This paragraph is not quite as strong for me. I think his topic sentence is really good. He moves us from one idea to the next idea and that’s strong. But I can see that his thoughts in here are not as strong. He’s a bit repetitive, and his sentence structure isn’t as strong as it is in other places so I can see that he’s struggling a bit. He knows that there’s an idea here, but he’s still making the right rhetorical moves.
Leah continued her explanation by situating her evaluation in contextual knowledge about Lawrence:
[He] was a vet, so he’s got a lot of life experience, and so I actually expect more from him. And so if another one of my students had written this I would have been, Wow!, you know. [If] one of my younger students had come up with this then I would have been like, Okay, they’re trying, they’re struggling with some of these ideas and trying to get them out. Sadly, like I said, I kind of expect more from him.

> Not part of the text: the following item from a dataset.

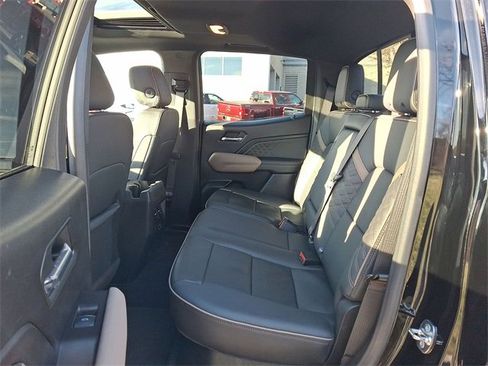 Certified 2024 GMC Canyon Denali image 24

Whereas Thomas’s knowledge of Tina led him to evaluate her work more favorably, Leah’s knowledge of Lawrence led her to be more critical of his work. As she explained, she held Lawrence to a higher standard than some other students because of his age and life experience.
Academic Conventions
Both faculty members grappled in the think-aloud protocols with allowing student creativity and self-expression within the specifications of their assignments. Leah recognized Lawrence’s maturity and a desire on his part to sometimes go “off message” in his essays, and she struggled with having constrained his focus to the assignment parameters. She explained, “That’s where I battle. Because I do hear the critique that ‘they [professors] just want to hear what they’ve told us [students] in class. Just give ‘em what they said.’ And really and truly that’s not what I want. I want them to think. But how, I don’t know how to do that, because he also needed to do the assignment.” The “that” Leah refers to here is the challenge of the student’s thinking for himself and not just parroting her own knowledge back to her while accomplishing what the assignment asks for at the same time. Leah explained that curricular requirements meant she had to get students to write more essays than they may have had time to write well. These requirements challenged her to get students to produce a lot of writing to fit academic conventions and left little wiggle room for creativity on students’ part. She explained that “part of what I’m teaching is that writing needs to do what it’s meant to do” within a specific context.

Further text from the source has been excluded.